What you write must match, character for character, the lines from the one with "5th image of 142 Holly Hill Ln" down to the one with "Memek Sempit Gadis Tionghoa" in the listing below, minus its pictures.

DATA FOR ANALYSIS |

┏━━

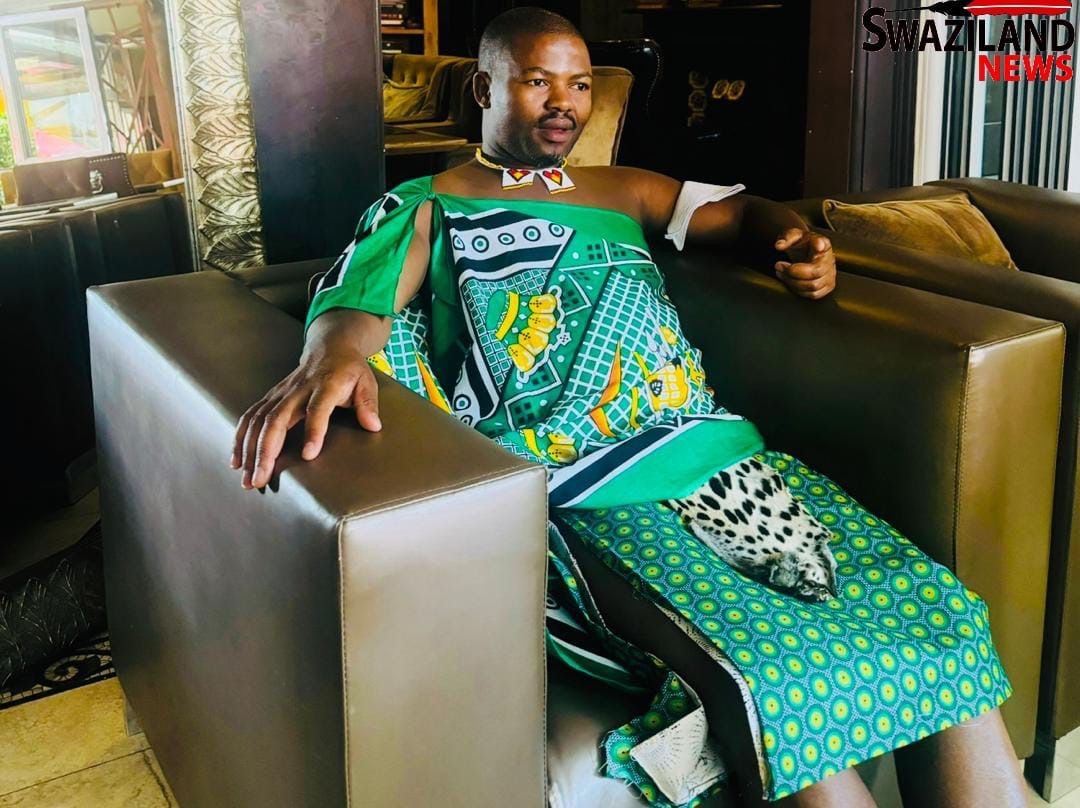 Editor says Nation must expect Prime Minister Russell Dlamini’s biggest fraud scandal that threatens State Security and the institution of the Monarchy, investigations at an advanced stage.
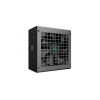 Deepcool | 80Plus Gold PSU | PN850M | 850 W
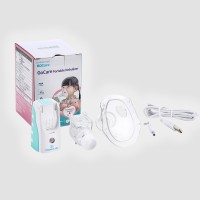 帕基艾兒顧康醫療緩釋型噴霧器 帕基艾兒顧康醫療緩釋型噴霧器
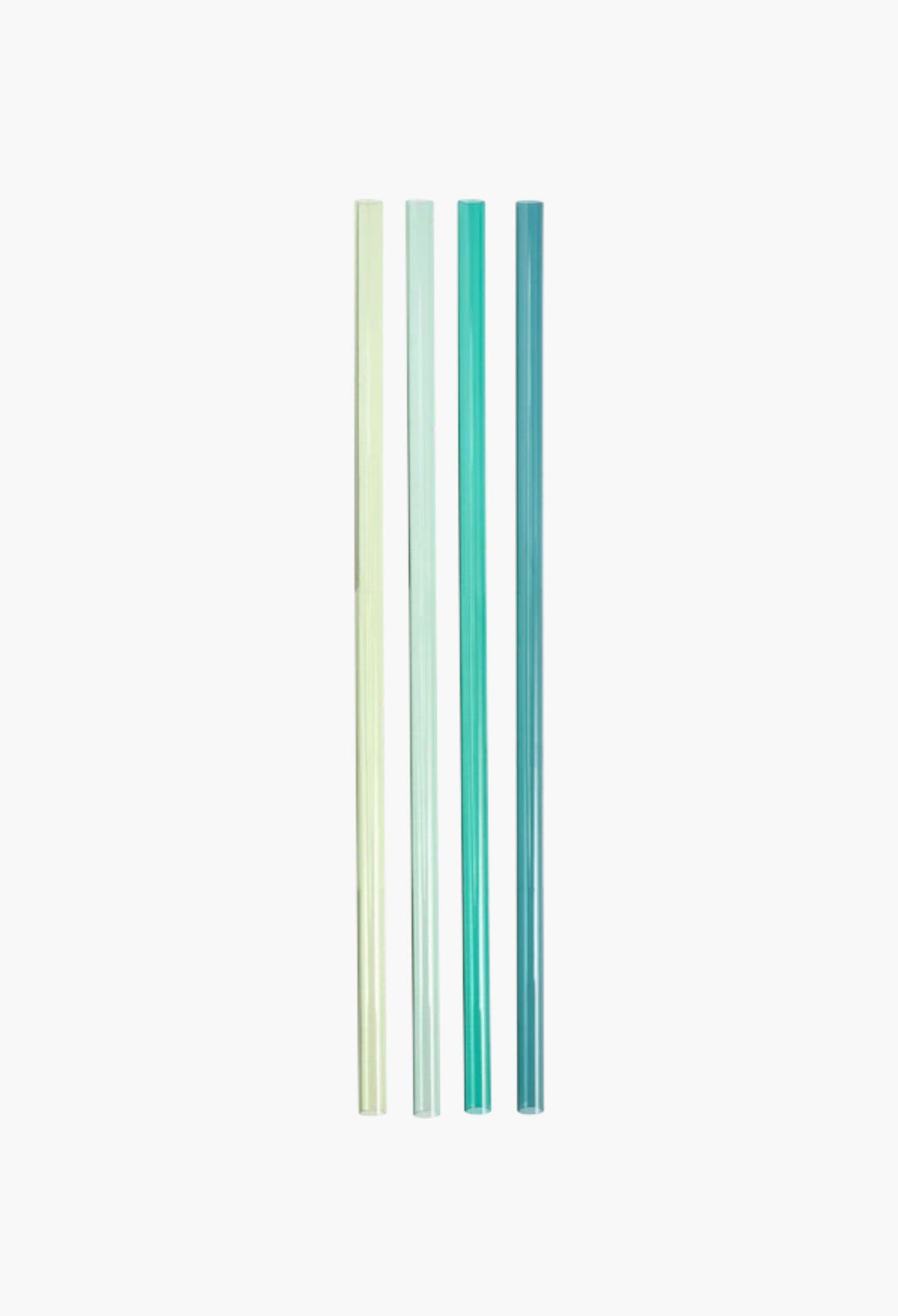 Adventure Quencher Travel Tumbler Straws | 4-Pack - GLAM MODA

┗━━
┏━━

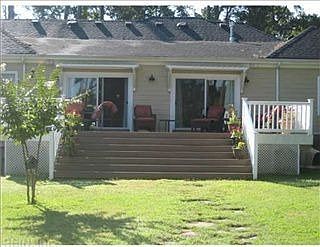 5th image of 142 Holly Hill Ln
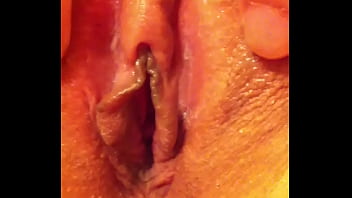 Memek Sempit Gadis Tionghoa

┗━━

ANSWER TO THIS TASK |
 5th image of 142 Holly Hill Ln
 Memek Sempit Gadis Tionghoa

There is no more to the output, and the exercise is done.